J'en viens aux deux motions 00.3206 et 00.3207. Cette dernière émane d'une proposition de la Commission des finances et elle est acceptée par le Conseil fédéral. Il s'agit de maintenir le niveau des dépenses en faveur de l'armée et de la protection civile tel qu'il a été fixé dans le plan financier en cours jusqu'à ce qu'une décision définitive sur leurs futurs buts et leur future organisation soit prise.

La motion 00.3206 vise à garantir que la Suisse soit en mesure de lutter efficacement contre la grande criminalité et celle dite "E-Criminality". La criminalité est toujours plus organisée et efficace, ne connaît pas de frontières et utilise pour atteindre ses buts les moyens les plus modernes, tandis que les organes chargés de la combattre semblent être en difficulté. Dans certains domaines et malgré de nouveaux instruments mis à leur disposition, ils savent même qu'ils souffrent d'une crise de désespoir. Pour cette raison, la commission vous propose de demander au Conseil fédéral de soumettre au Parlement, avant la fin de cette législature, un rapport intermédiaire portant sur les résultats obtenus par l'introduction de nouvelles dispositions légales internes et internationales. En 2001 déjà, le Conseil fédéral devrait soumettre au Parlement un rapport sur la "E-Criminality" et sur les mesures propres à la combattre, afin de permettre d'adopter au bon moment les mesures nécessaires pour la combattre.

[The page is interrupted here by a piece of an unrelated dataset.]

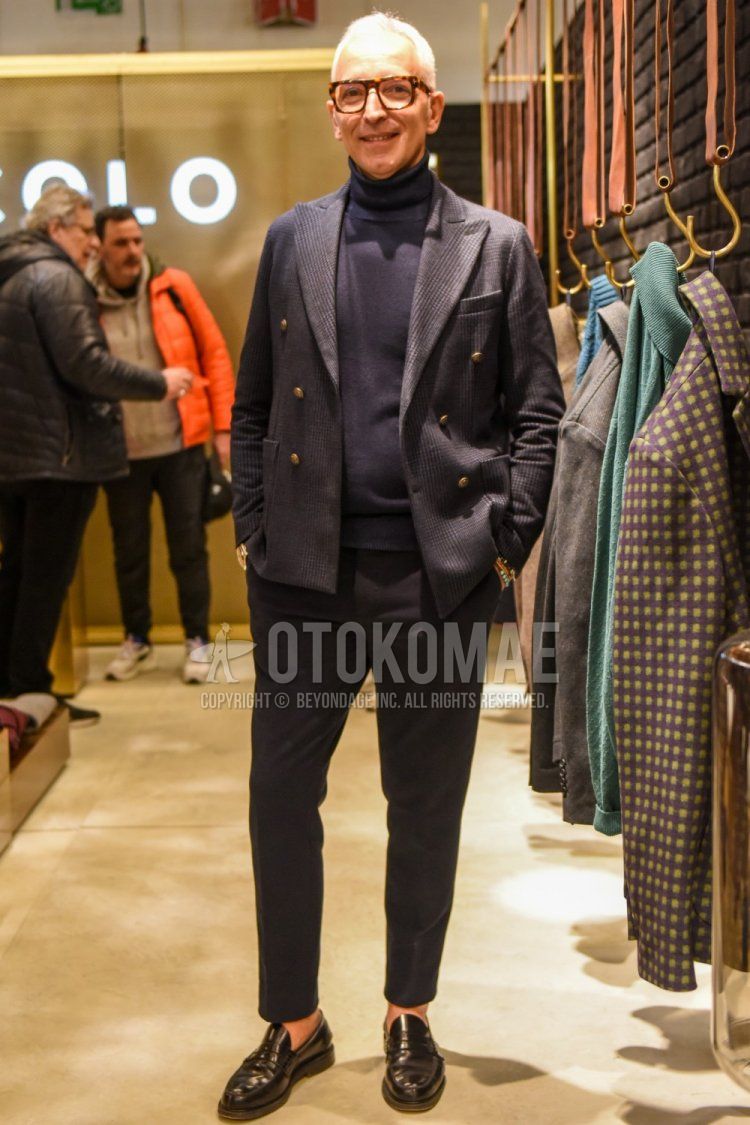 Men's spring and fall coordinate and outfit with brown tortoiseshell glasses, gray checked tailored jacket, dark gray solid color turtleneck knit, gray solid color slacks, gray solid color ankle pants, and black coin loafer leather shoes.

Le Conseil fédéral se déclare prêt à accepter la motion de la commission sous forme de postulat, tout en signalant que la compétence de lutter contre la criminalité, qui agit en utilisant les technologies de l'information, est cantonale. Il demande cependant que les délais pour la présentation des rapports soit prolongés, faute de quoi il ne pourrait pas tenir compte des résultats obtenus grâce aux mesures déjà prévues, qui entreront en vigueur ces prochaines années.

La commission a pris acte de l'argumentation du Conseil fédéral et accepte la transformation de la motion en postulat.